### Work instructions
A faithful copy of the listing below is needed, one that contains no pictures.

### Dataset content
####################

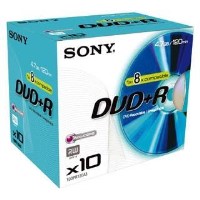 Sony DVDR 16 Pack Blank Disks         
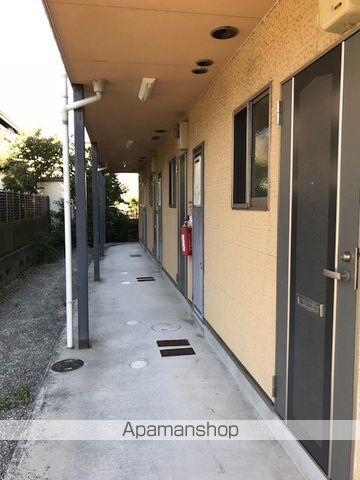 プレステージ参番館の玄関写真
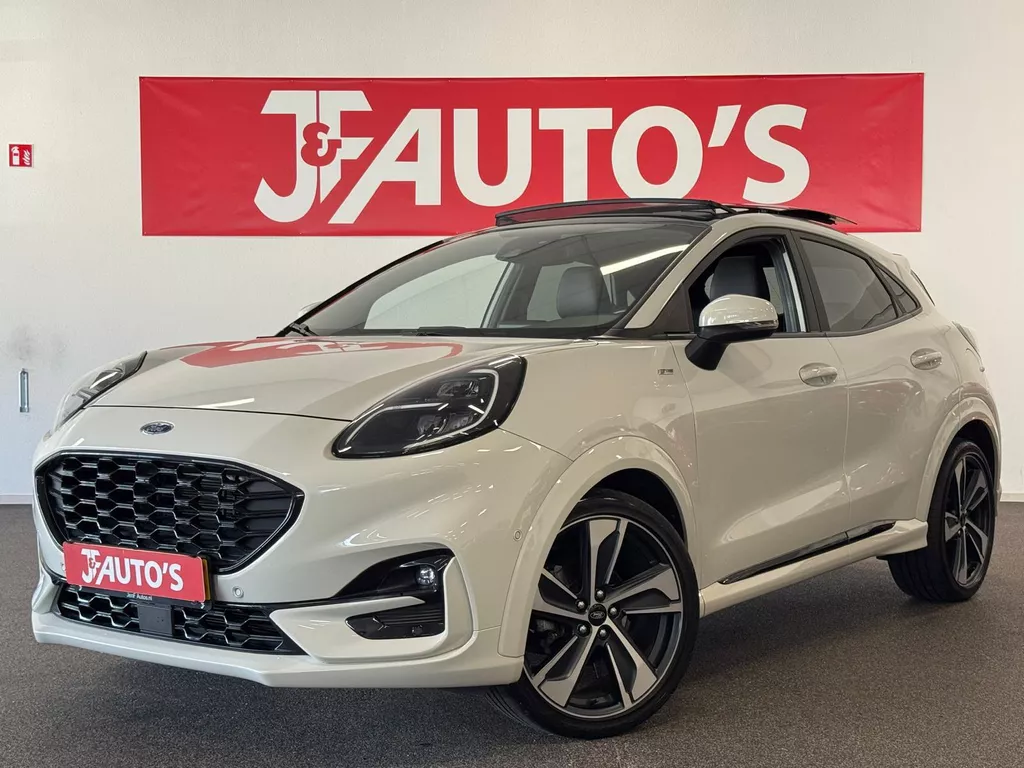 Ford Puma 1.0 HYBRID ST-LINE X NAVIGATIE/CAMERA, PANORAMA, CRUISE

####################

### Response to the exercise
 Sony DVDR 16 Pack Blank Disks         
 プレステージ参番館の玄関写真
 Ford Puma 1.0 HYBRID ST-LINE X NAVIGATIE/CAMERA, PANORAMA, CRUISE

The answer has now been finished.